Article 9FRG When everything you know is wrong, part two

When everything you know is wrong, part two

by
ericlippert
from Fabulous adventures in coding on (#9FRG)

Now that we've looked at a bunch of myths about when finalizers are required to run, let's consider when they are required to not run:

Myth: Keeping a reference to an object in a variable prevents the finalizer from running while the variable is alive; a local variable is always alive at least until control leaves the block in which the local was declared.

{ Foo foo = new Foo(); Blah(foo); // Last read of foo Bar(); // We require that foo not be finalized before Bar(); // Since foo is in scope until the end of the block, // it will not be finalized until this point, right?} 

The C# specification states that the runtime is permitted broad latitude to detect when storage containing a reference is never going to be accessed again, and to stop treating that storage as a root of the garbage collector. For example, suppose we have a local variable foo and a reference is written into it at the top of the block. If the jitter knows that a particular read is the last read of that variable, the variable can legally be removed from the set of GC roots immediately; it doesn't have to wait until control leaves the scope of the variable. If that variable contained the last reference then the GC can detect that the object is unreachable and put it on the finalizer queue immediately. Use GC.KeepAlive to avoid this.

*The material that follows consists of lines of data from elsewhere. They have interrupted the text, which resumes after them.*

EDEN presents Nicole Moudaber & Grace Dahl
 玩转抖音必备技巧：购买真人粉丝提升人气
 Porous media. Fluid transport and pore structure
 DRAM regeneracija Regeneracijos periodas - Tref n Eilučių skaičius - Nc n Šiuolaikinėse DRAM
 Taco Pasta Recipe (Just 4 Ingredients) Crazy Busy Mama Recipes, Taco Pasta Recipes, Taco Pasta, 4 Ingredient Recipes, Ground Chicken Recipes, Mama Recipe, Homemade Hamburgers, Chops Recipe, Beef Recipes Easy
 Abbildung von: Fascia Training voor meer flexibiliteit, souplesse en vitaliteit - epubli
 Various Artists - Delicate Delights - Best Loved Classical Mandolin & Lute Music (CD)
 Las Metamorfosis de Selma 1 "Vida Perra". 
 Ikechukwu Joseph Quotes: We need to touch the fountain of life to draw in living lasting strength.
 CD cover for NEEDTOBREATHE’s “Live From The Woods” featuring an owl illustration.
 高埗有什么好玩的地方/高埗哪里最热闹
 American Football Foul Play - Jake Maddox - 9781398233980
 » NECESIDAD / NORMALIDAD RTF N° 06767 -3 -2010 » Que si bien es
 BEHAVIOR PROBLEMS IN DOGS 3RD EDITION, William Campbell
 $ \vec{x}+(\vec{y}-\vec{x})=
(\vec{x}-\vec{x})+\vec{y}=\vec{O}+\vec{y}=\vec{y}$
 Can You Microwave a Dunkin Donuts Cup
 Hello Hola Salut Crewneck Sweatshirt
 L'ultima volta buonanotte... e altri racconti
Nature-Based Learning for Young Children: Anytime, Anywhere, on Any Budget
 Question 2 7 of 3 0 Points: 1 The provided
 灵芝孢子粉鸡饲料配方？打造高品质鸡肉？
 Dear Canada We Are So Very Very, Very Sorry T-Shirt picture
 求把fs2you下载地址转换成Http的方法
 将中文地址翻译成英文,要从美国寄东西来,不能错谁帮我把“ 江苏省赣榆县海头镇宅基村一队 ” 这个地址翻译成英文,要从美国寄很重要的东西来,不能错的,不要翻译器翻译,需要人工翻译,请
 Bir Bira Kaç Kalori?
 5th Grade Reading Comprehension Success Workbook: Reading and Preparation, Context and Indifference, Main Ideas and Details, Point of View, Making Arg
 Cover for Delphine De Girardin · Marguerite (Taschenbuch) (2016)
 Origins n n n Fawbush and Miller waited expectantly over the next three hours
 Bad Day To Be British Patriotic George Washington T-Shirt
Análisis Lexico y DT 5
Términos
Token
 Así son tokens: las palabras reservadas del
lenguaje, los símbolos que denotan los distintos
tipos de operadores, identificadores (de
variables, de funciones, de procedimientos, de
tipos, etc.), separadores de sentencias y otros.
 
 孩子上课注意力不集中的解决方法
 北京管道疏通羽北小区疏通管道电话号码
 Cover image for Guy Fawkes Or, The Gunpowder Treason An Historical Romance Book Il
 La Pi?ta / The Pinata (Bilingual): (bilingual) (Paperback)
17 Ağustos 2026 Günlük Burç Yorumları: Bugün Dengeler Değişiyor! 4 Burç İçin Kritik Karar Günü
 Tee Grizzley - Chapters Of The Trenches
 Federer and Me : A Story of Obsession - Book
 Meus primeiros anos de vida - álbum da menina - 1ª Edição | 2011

Why does the jitter have this latitude? Suppose the local variable is enregistered into the register needed to pass the value to Blah(). If foo is in a register that Bar() needs to use, there's no point in saving the value of the never-to-be-read-again foo on the stack before Bar() is called. (If the actual details of the code generated by the jitter is of interest to you, see Raymond Chen's deeper analysis of this issue.)

Extra bonus fun: the runtime uses less aggressive code generation and less aggressive garbage collection when running the program in the debugger, because it is a bad debugging experience to have objects that you are debugging suddenly disappear even though the variable referring to the object is in scope. That means that if you have a bug where an object is being finalized too early, you probably cannot reproduce that bug in the debugger!

See the last point in this article for an even more horrid version of this problem.

Myth: Finalizers run no more than once.

Suppose you have an object that is in the process of being finalized and is therefore no longer a candidate for finalization, or you have suppressed finalization. The aptly-named ReRegisterForFinalize method tells the runtime that you would like the object to be finalized. This can cause an object to be finalized more than once.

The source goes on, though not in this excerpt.